# Module 1: _What_ is PyTorch?
---
[Source](https://pytorch.org/tutorials/beginner/blitz/tensor_tutorial.html#sphx-glr-beginner-blitz-tensor-tutorial-py) for this tutorial

<br></br>
<dl>
    <dt>PyTorch</dt>
    <dd>is a Python-based computing package</dd>
</dl>

- A programming language that uses the power of GPU's to speed up calculations.
> I don't have an <font color=green>NVIDIA GPU</font> at the moment but I'll press on.
>
> I'll rent one here -> [NVIDIA GPU in the clouds above](https://cloud.google.com/)
- It's flexible and F.A.S.T.
    > `Python` + "...dang it's so fast it lit a <font color=red>_Torch_</font>" == __`PyTorch`__


## Getting Started
### Tensors

As I discovered in the first tutorial, `PyTorch` is similar to` NumPy`. Again, `PyTorch` uses __GPU's__, which makes it faster than `NumPy` for deep learning.

In [1]:
from __future__ import print_function
import torch
import numpy as np

> "An __uninitialized matrix__ is declared, but _does not_ contain __definite known values__ before it is used. When an uninitialized matrix is created, whatever values were in the allocated memory at the time will appear as the initial values."

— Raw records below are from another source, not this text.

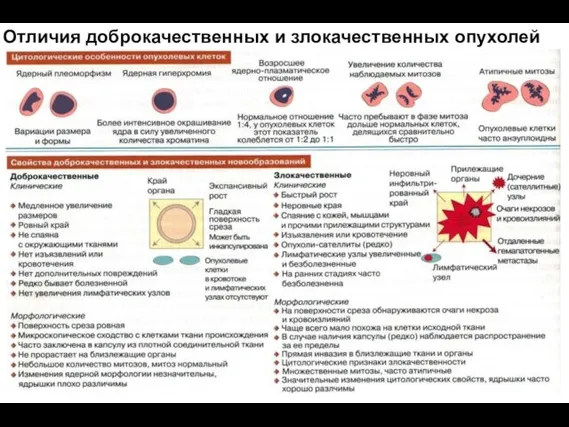 Отличия доброкачественных и злокачественных опухолей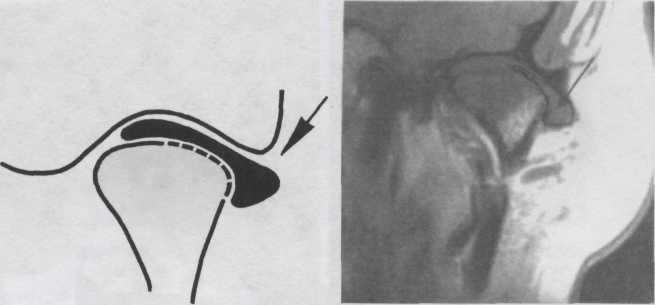 дислокация суставного диска. - student2.ru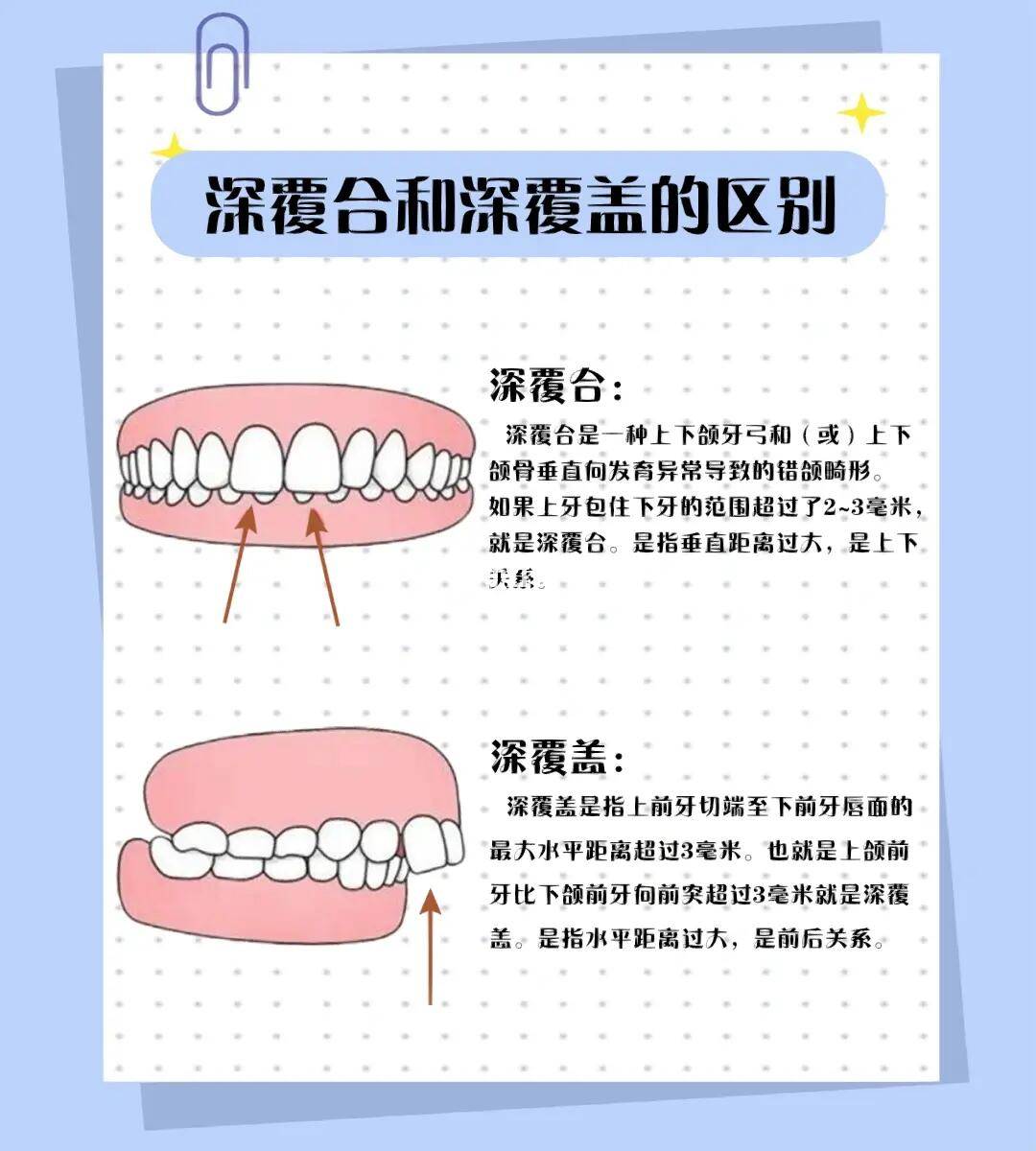 邢台正畸专家带你了解它们的区别与影响_咬合_距离_前牙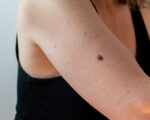 A person's arm with a skin cancer mole.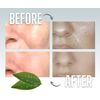 EcoFeminii Green Tea Oil Control Blotting Sheets-100 pcs Natural Papers for Clear, Clean & Matte Skin-Removal of Facial Oil & Sebum (Medium (6cm x 9cm))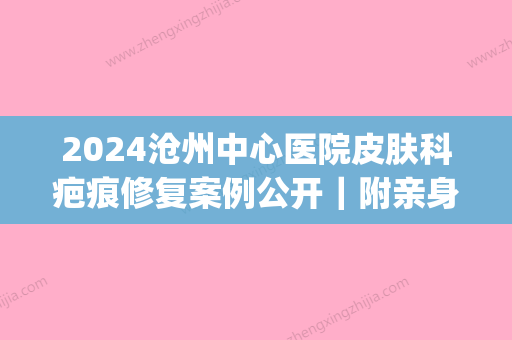 2024沧州中心医院皮肤科疤痕修复案例公开｜附亲身体验前后果图(沧州去疤痕医院专业)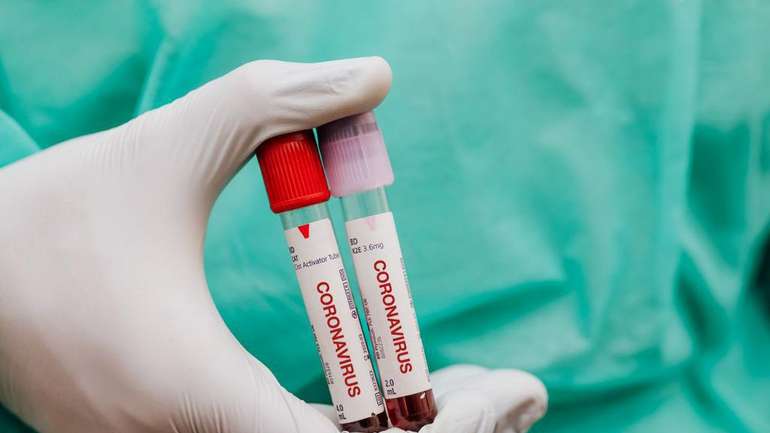 Лабораторно підтвердили перший випадок коронавірусу на Полтавщині – подробиці зараження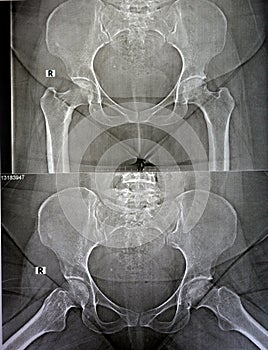 bilateral Avascular necrosis (AVN) of the femoral head more in the left side, a type of aseptic osteonecrosis photo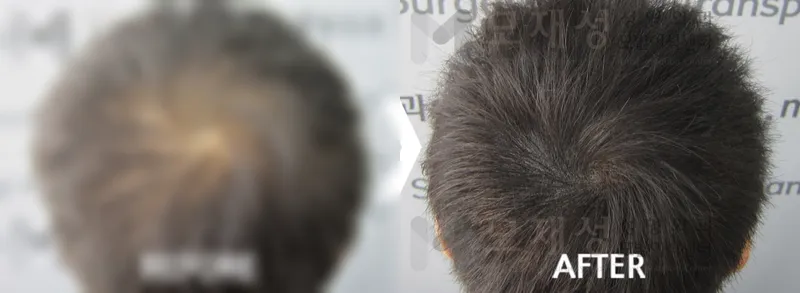 두피색소요법 시술전후 가려진 수술 전 사진과 수술 후 사진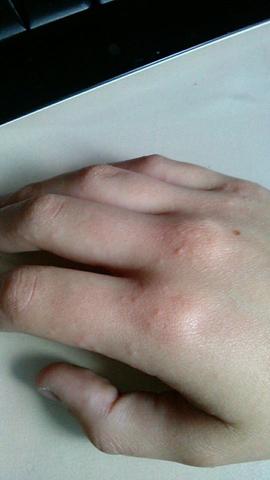 hand 1  - (Gesundheit, Allergie, Hand)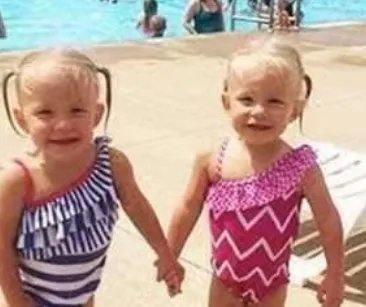 双胞胎姐妹一出生就“手牵手”，为什么分都分不开？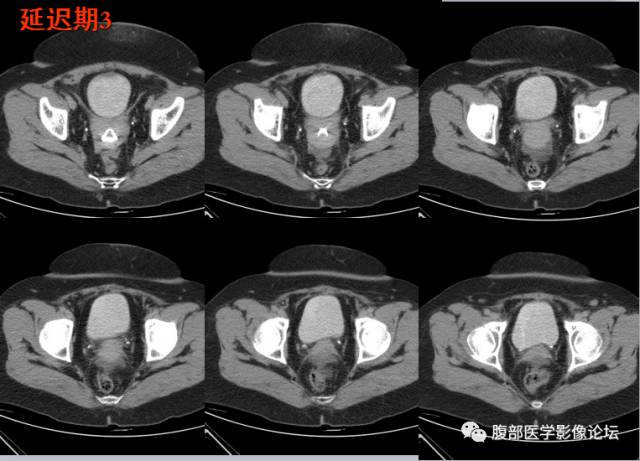 【病例】腹壁脂膜炎一例CT 【病例】腹壁脂膜炎一例CT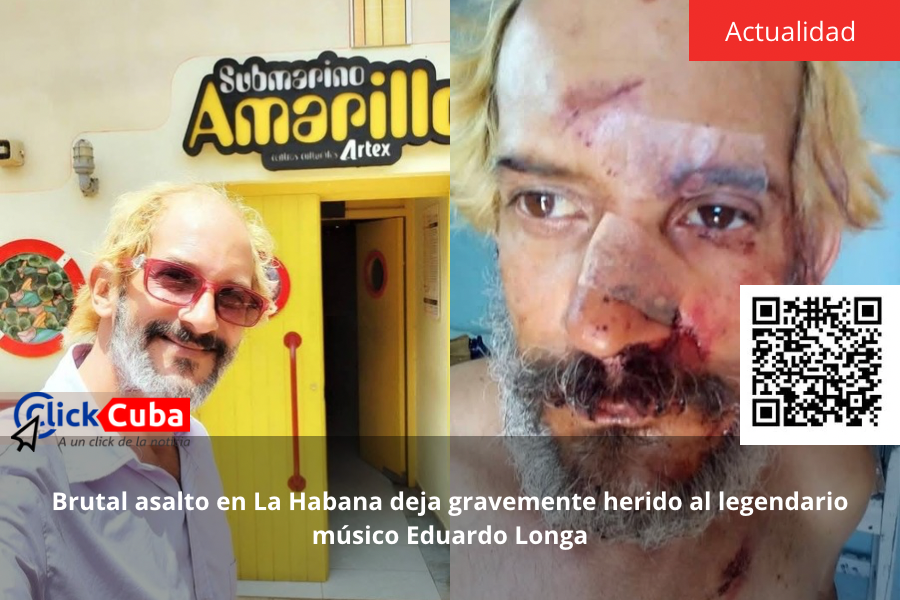 Brutal asalto en La Habana deja gravemente herido al legendario músico Eduardo Longa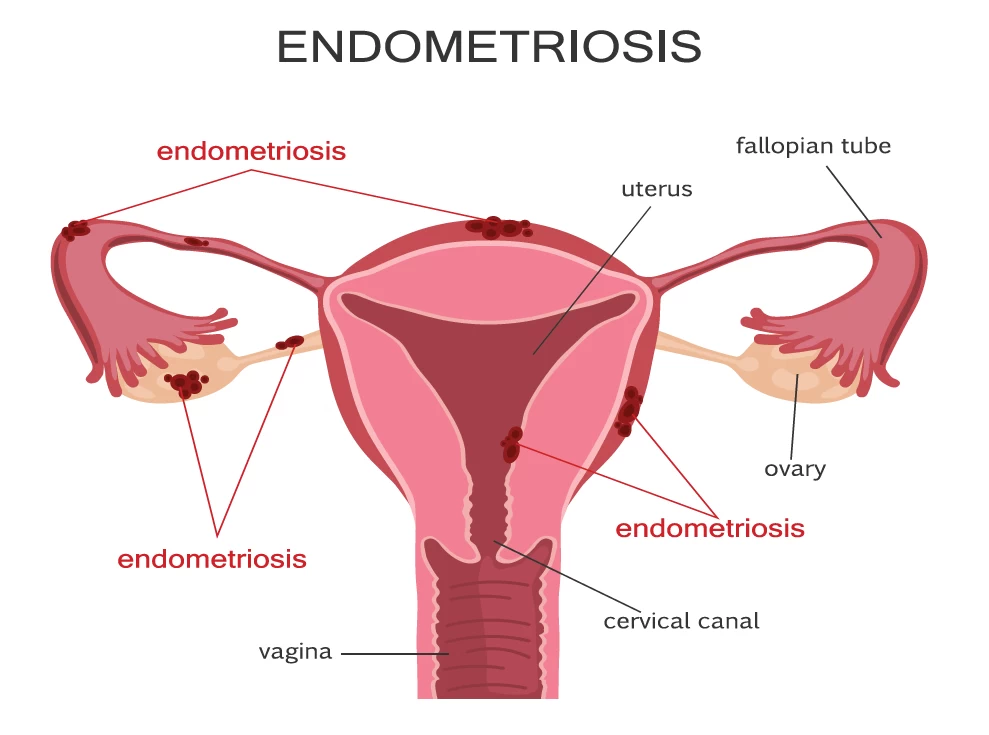 Fig1-endo-surgery.webp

### Creating an empty Tensor

In [2]:
# Creating an 'uninitialized matrix' with `tensor.empty()`
# So does it not have values?
x = torch.empty(5, 3)
print(x)

tensor([[ 0.0000e+00, -3.6893e+19,  2.7378e+03],
        [ 4.6577e-10,  1.8361e+25,  1.4603e-19],
        [ 1.6795e+08,  4.7423e+30,  4.7393e+30],
        [ 9.5461e-01,  4.4377e+27,  1.7975e+19],
        [ 4.6894e+27,  7.9463e+08,  3.2604e-12]])


In [3]:
# Interesting, the "values" (0's) that were placed in the empty tensor matrix
# changed to actual values once operated on...
x + 1

tensor([[ 1.0000e+00, -3.6893e+19,  2.7388e+03],
        [ 1.0000e+00,  1.8361e+25,  1.0000e+00],
        [ 1.6795e+08,  4.7423e+30,  4.7393e+30],
        [ 1.9546e+00,  4.4377e+27,  1.7975e+19],
        [ 4.6894e+27,  7.9463e+08,  1.0000e+00]])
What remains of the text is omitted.